## Problem statement
Apart from the pictures, every line below needs to be reproduced verbatim.

## Dataset
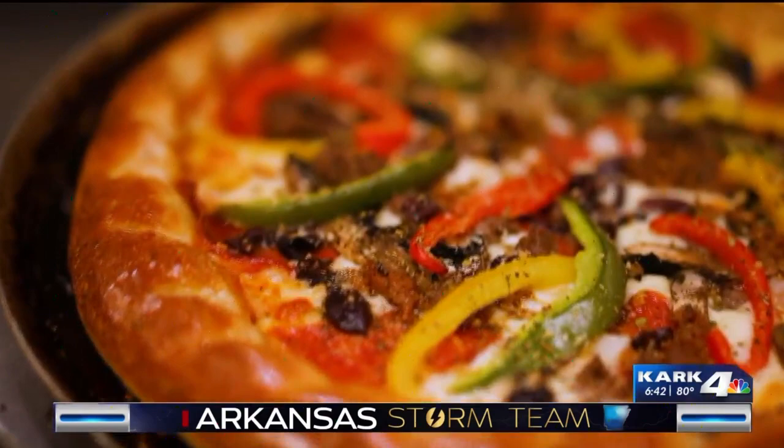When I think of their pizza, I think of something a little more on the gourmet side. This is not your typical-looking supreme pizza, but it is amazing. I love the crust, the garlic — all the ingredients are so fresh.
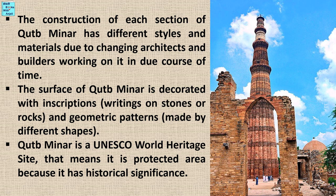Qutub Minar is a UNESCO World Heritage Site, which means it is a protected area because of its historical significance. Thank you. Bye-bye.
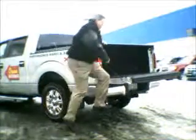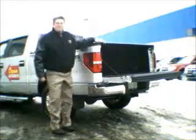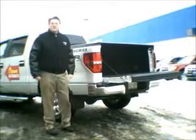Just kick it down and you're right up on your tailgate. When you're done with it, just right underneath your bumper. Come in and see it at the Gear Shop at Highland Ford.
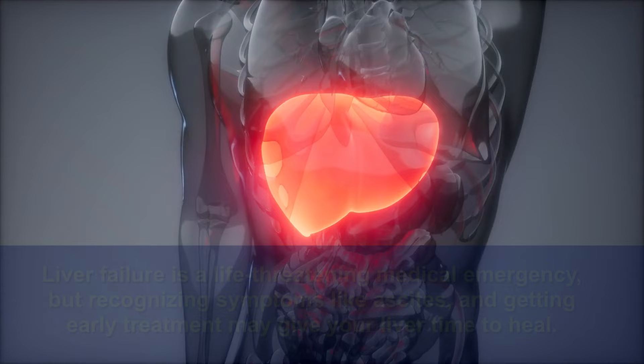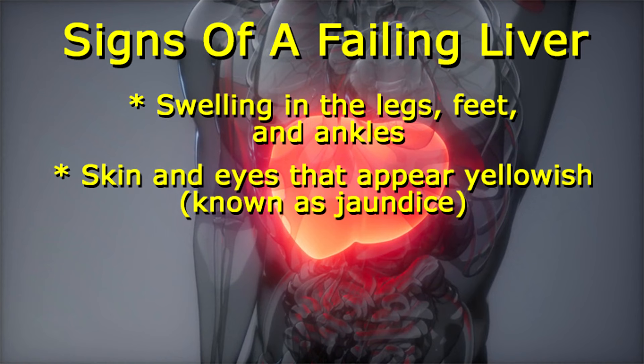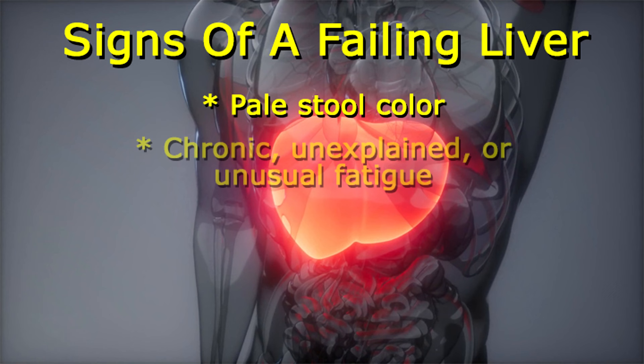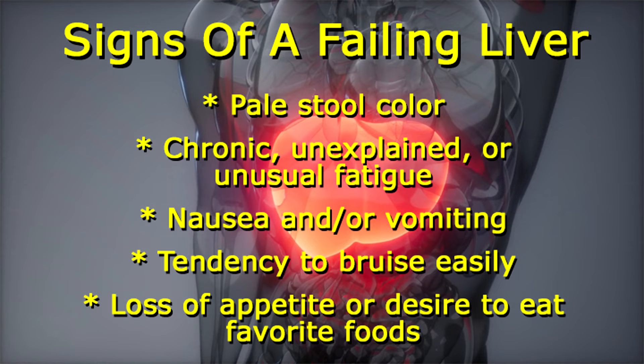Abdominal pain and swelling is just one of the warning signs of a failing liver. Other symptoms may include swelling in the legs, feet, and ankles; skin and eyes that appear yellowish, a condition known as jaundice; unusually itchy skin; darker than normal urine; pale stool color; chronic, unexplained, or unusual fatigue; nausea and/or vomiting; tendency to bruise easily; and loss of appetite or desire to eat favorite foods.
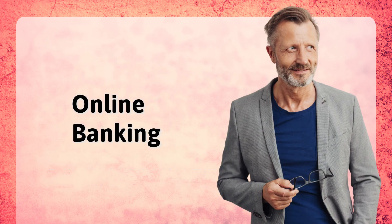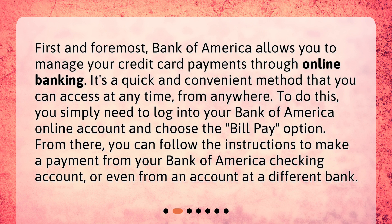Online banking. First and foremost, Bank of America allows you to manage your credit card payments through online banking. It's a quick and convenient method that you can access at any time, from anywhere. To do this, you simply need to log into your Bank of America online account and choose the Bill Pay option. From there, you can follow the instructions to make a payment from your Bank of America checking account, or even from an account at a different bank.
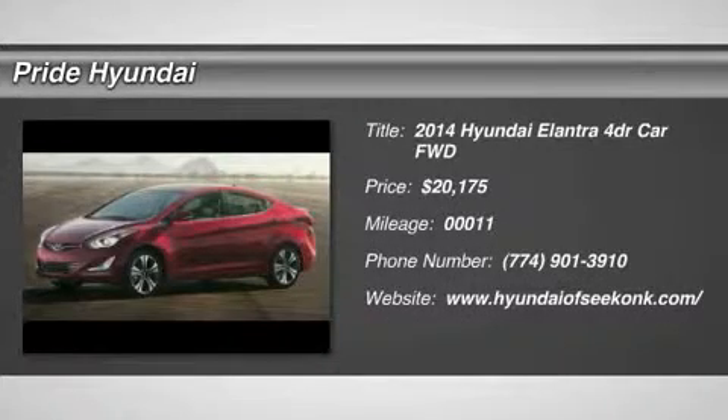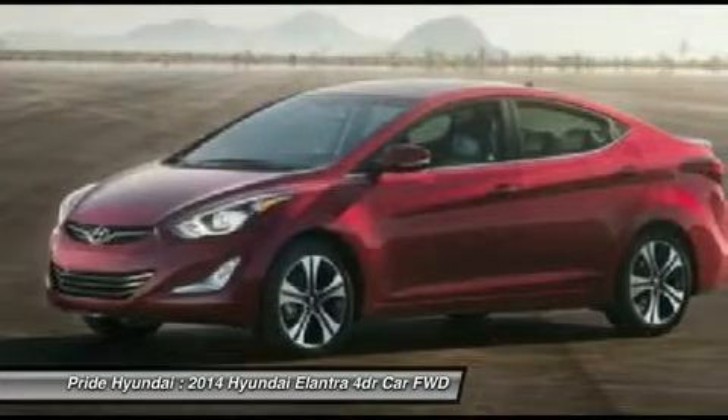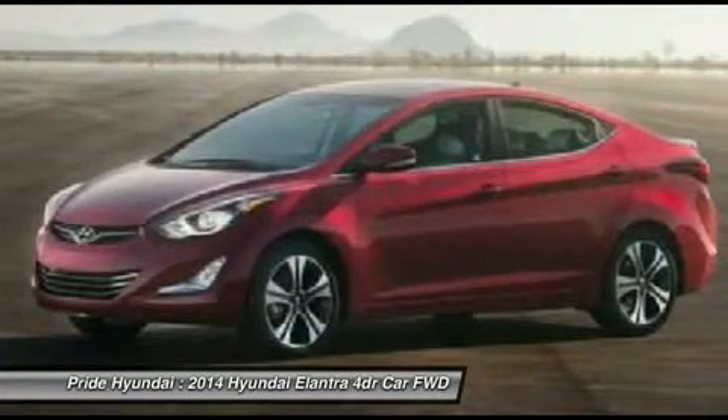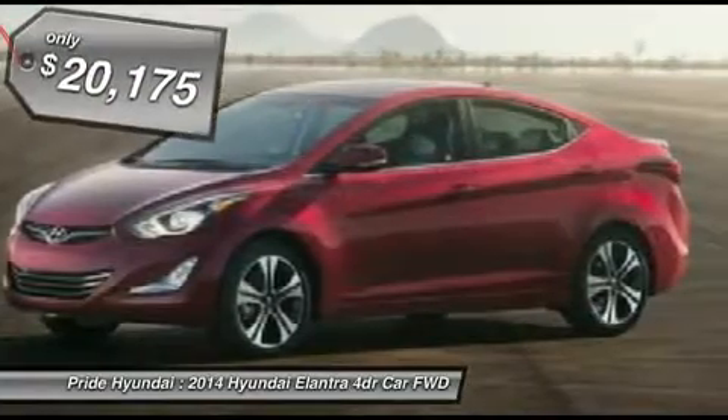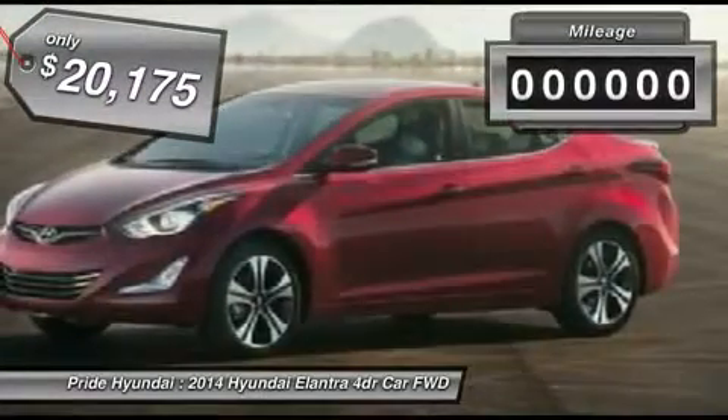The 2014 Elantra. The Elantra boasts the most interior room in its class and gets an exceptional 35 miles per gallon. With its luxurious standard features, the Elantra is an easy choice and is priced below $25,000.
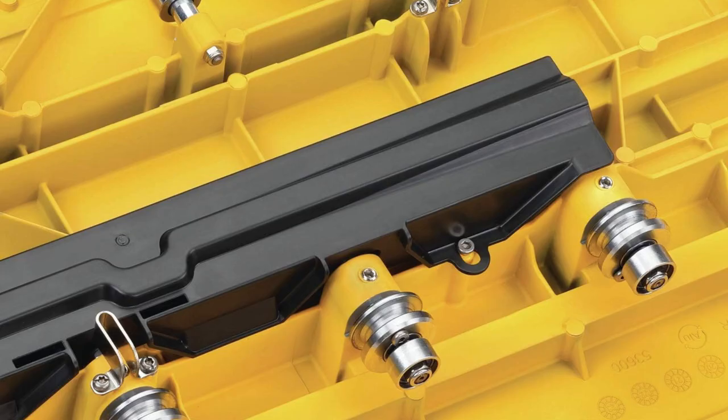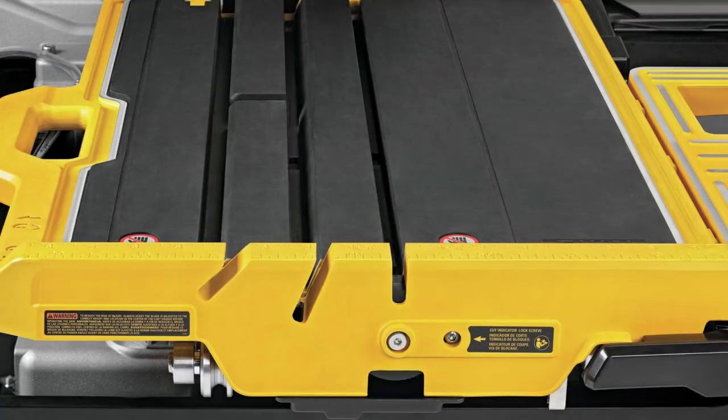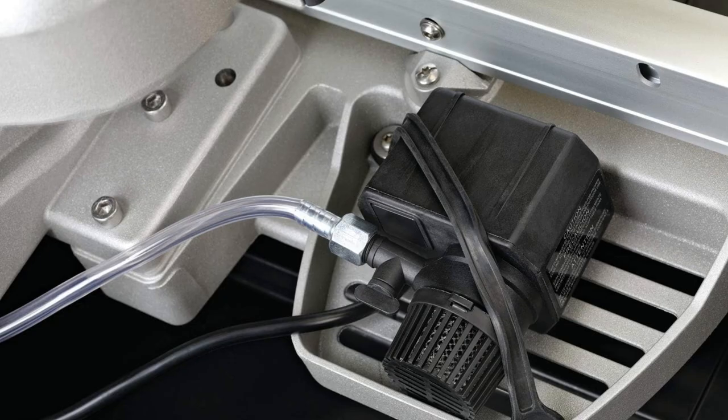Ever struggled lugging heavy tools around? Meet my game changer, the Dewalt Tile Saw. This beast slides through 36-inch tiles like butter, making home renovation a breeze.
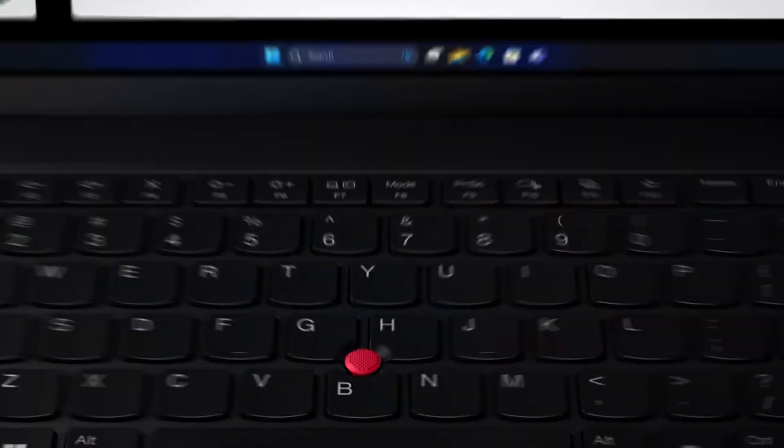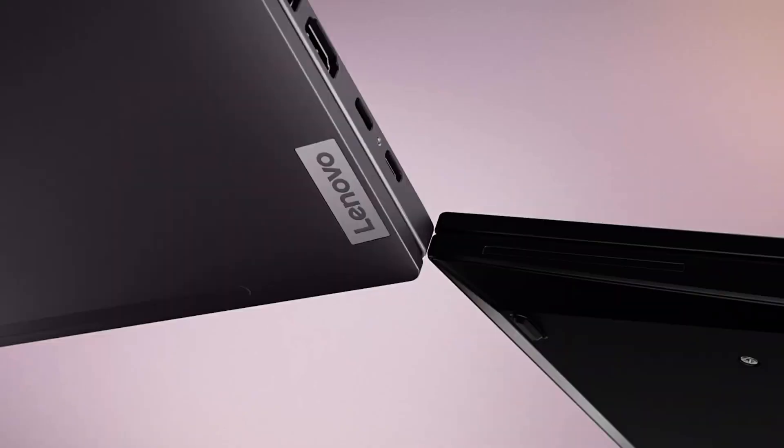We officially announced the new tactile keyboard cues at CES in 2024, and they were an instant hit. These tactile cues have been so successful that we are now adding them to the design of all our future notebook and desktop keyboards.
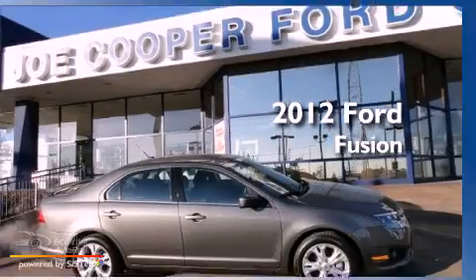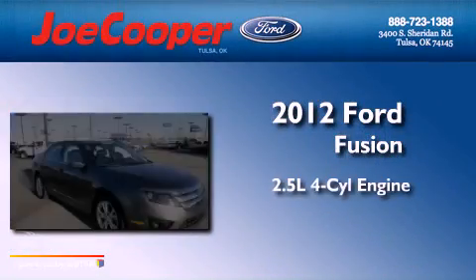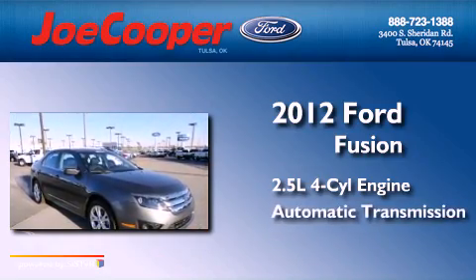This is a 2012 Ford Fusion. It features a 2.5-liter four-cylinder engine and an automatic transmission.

## Expected answer
When I think of their pizza, I think of something a little more on the gourmet side. This is not your typical-looking supreme pizza, but it is amazing. I love the crust, the garlic — all the ingredients are so fresh.
Qutub Minar is a UNESCO World Heritage Site, which means it is a protected area because of its historical significance. Thank you. Bye-bye.
Just kick it down and you're right up on your tailgate. When you're done with it, just right underneath your bumper. Come in and see it at the Gear Shop at Highland Ford.
Abdominal pain and swelling is just one of the warning signs of a failing liver. Other symptoms may include swelling in the legs, feet, and ankles; skin and eyes that appear yellowish, a condition known as jaundice; unusually itchy skin; darker than normal urine; pale stool color; chronic, unexplained, or unusual fatigue; nausea and/or vomiting; tendency to bruise easily; and loss of appetite or desire to eat favorite foods.
Online banking. First and foremost, Bank of America allows you to manage your credit card payments through online banking. It's a quick and convenient method that you can access at any time, from anywhere. To do this, you simply need to log into your Bank of America online account and choose the Bill Pay option. From there, you can follow the instructions to make a payment from your Bank of America checking account, or even from an account at a different bank.
The 2014 Elantra. The Elantra boasts the most interior room in its class and gets an exceptional 35 miles per gallon. With its luxurious standard features, the Elantra is an easy choice and is priced below $25,000.
Ever struggled lugging heavy tools around? Meet my game changer, the Dewalt Tile Saw. This beast slides through 36-inch tiles like butter, making home renovation a breeze.
We officially announced the new tactile keyboard cues at CES in 2024, and they were an instant hit. These tactile cues have been so successful that we are now adding them to the design of all our future notebook and desktop keyboards.
This is a 2012 Ford Fusion. It features a 2.5-liter four-cylinder engine and an automatic transmission.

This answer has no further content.